--- Aim of the task ---
Top to bottom, give the entries again exactly as written.

--- Given information ---
########

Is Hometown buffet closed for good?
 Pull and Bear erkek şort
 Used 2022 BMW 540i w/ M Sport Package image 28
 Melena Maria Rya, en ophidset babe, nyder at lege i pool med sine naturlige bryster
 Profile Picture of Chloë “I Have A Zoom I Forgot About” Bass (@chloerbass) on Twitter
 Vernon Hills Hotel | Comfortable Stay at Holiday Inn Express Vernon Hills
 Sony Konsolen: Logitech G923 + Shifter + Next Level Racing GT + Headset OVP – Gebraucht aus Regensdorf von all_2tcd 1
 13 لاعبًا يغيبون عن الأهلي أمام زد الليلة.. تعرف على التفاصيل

########

--- Solution for this exercise ---
Is Hometown buffet closed for good?
 Pull and Bear erkek şort
 Used 2022 BMW 540i w/ M Sport Package image 28
 Melena Maria Rya, en ophidset babe, nyder at lege i pool med sine naturlige bryster
 Profile Picture of Chloë “I Have A Zoom I Forgot About” Bass (@chloerbass) on Twitter
 Vernon Hills Hotel | Comfortable Stay at Holiday Inn Express Vernon Hills
 Sony Konsolen: Logitech G923 + Shifter + Next Level Racing GT + Headset OVP – Gebraucht aus Regensdorf von all_2tcd 1
 13 لاعبًا يغيبون عن الأهلي أمام زد الليلة.. تعرف على التفاصيل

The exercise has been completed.